TASK - From the records below, copy out exactly the lines from the one containing "Ilustación de una" to the one containing "Invitation Magnétique 50", both included. Add nothing else.

MATERIAL PROVIDED -
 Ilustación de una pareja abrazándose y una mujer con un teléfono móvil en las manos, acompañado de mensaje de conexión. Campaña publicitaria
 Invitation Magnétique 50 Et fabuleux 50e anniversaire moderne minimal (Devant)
==
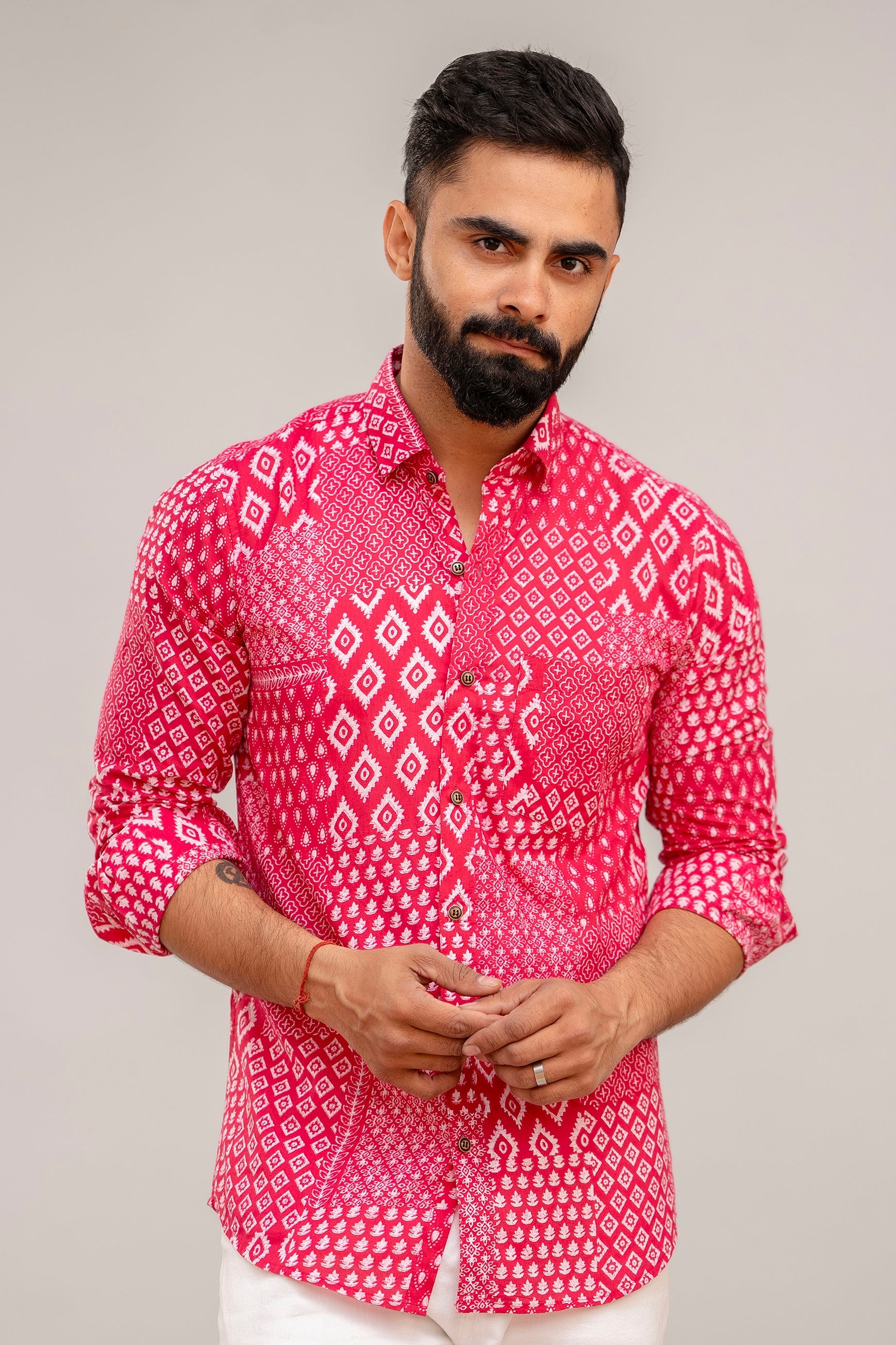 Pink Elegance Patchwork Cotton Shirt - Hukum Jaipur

OUTPUT FOR THIS EXERCISE -
 Ilustación de una pareja abrazándose y una mujer con un teléfono móvil en las manos, acompañado de mensaje de conexión. Campaña publicitaria
 Invitation Magnétique 50 Et fabuleux 50e anniversaire moderne minimal (Devant)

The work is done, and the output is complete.